April 28, 2002

The Beginnings Of The Downside Slide

Currently Listening To :: Same Shit, Different Day :: Jaguar Wright

I can't shake this feeling that something isn't quite right...

The last few days have been a sine curve of compacted proportions, and if I could mathematically describe it I would, but I think the best way to think of it is a that the height tends towards infinity on both the positive and negative planes, while the number of oscillations is packed tighter than the strands on a double helix.

Does that make sense?

Emotions and insecurities come to the forefront, and then out of nowhere, someone else appears. I'm offered a job interview where I thought I had none.

I don't understand it, so...

I'm at peace with my situation; good friends are there to console me. And then I get targeted by speed cameras on a double demerit point weekend. Not to sound flippant, but it's not the money. It's not the demerit point loss. It's the nagging I'm going to get from my family unit until...

Then

I'm glad to see an old friend, with whom I share a strange relationship with. That attraction is there, but we've been missing that little something to push us to something more. We end up drinking, mildly flirting and talking ourselves into a melancholy rut.

I leave.

Pumping club music, and I have just the right amount of alchohol in the bloodstream to make me feel like I can dance on the podium like no-one's watching. And I do. I leave the club satisfied, but then a friend brings some news that sends my mind racing. Suddenly, Maxwell's Lonely's The Only Company is my only company, and I have the urge to go and sing Jay songs until my lungs collapse at Karaoke.

Wait...no I don't.

I'm far from home, I'm driving with a mind full of sad thoughts, and it's 4am. Nothing seems to be going the way I want it to.

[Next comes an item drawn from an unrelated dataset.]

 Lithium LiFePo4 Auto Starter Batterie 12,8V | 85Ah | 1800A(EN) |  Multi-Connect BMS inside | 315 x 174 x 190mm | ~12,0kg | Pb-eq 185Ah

And I realise that I've been here before..and I'm tripping with nowhere to unpack my thoughts.

April 25, 2002

It's Just Another Lazy Thursday...

Currently Listening To :: Affirmation :: Savage Garden

It's Anzac day today in the O-Z, so that means public holiday! I wrote a little something for work on Anzac Day, so hopefully it'll come out next week...I caught a bit of the parade from my Trinitron this morning, but lazing in the sun in the outside alcove in my pjs, munching on a scone and drinking my milo, I couldn't help bu think how good life is. Not to rub salt for those who aren't having such a great day when you read this, but you have to know it's not often when the little things in life come to the fore, so when they do, you have to appreciate them for all they're worth.

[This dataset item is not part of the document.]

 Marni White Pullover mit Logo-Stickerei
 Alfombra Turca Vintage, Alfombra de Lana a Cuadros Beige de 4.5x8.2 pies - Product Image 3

I was at a great free party (an oxymoron in today's world) last night in the city, and it was a big get-together, with everyman and his best friend there. Unfortunately, I couldn't make it to this other party I was meant to go to; well, I did make it, but there was no one to get us in...Still, it was a good night on the whole though, even if I got a bit cranky towards the end...sleep people, sleep. Rolling out of bed today, it was nice to know that I had the whole day off, and well, so does everyone else. Even though I'm at home studying for midsessions today, it's just nice to feel that holiday vibe.

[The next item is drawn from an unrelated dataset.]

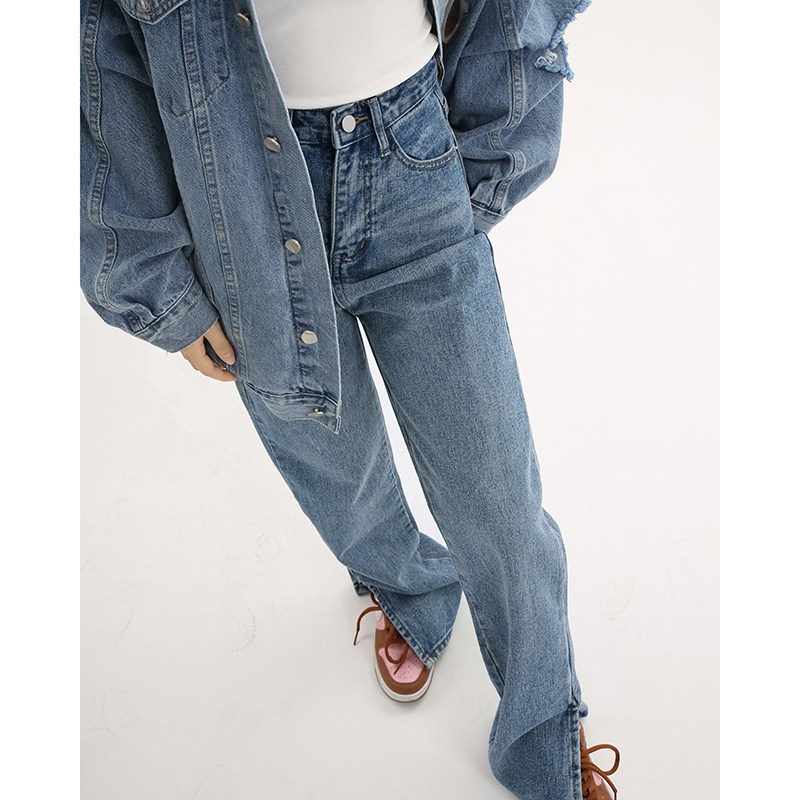 Race small sloth high waist jeans Women's spring and autumn straight cylinder loose design sensation crowdsourced with wide leg pants Chains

t's not often I actually chat with my mother, or even get the chance to. But instead of plonking myself in front of the TV this morning, I went and sat with moms for a bit of a chat. For those that don't know, my mum doesn't usually just chat with you, she gives advice. And for someone with not really enough sleep, it's usually enough to make me find a more quiet part of the house. However, as we slowly talked about things going on in my life, my sisters life, and the importance of not selling the family heirlooms, it slowly became apparent that even though she may seem to be nagging me to no end at times, she's just worried about me as much as she used to when I first caught the train on my own to school back when I was knee-high. In ways, that's annoying as hell, yet in ways, it's reassuring like a warm hug or a mug of hot milo, especially when I'm not feeling that sure about anything right now.

"Cause sometimes a little reassurance is all we need. Reassurance of our decisions, our directions, our feelings, our tomorrows. And while I'm not asking for a crystal ball, a little sign is sometimes all that's needed. In this world where it's become so simple to communicate with someone on the other side of the globe with crystal clear clarity and in real time, face-to-face communication remains the most difficult one with which to get a clear message across...

April 19, 2002

Snippets...

Currently Listening To :: Mathematics :: Mos Def

Almost there...3 more applications to go. Can you believe I've spent the last four days on just twelve applications? I've worked and reworked my cover letter and resume until I think I can memorise it..or can I? I'm the corporate chameloen, with the ability to adapt to any industry and situation. No, really. _grin_

I'm not sure if Tseen Khoo or anyone else form the Amida boards reads this, but if you are, thanks for the link for this A&F story. What do people think?

Watching an old episode of Law and Order last night, it was interesting to see them talk about racism, and how one man was using it as a type of insanity in a murder case defence. I'd write something on that too, but I just can't seem to get my brain away from my extracuricular activities, my leadership abilities and generally how good I am. I can't believe I haven't told you about me yet...oh, you didn't know? Where do I begin..._grin_

I'm also realising that stpe by step, I'm slowly becoming lactose intollerant. I'm not sure what that's telling me, but I'm blaming it on all this skim milk my mother keeps buying.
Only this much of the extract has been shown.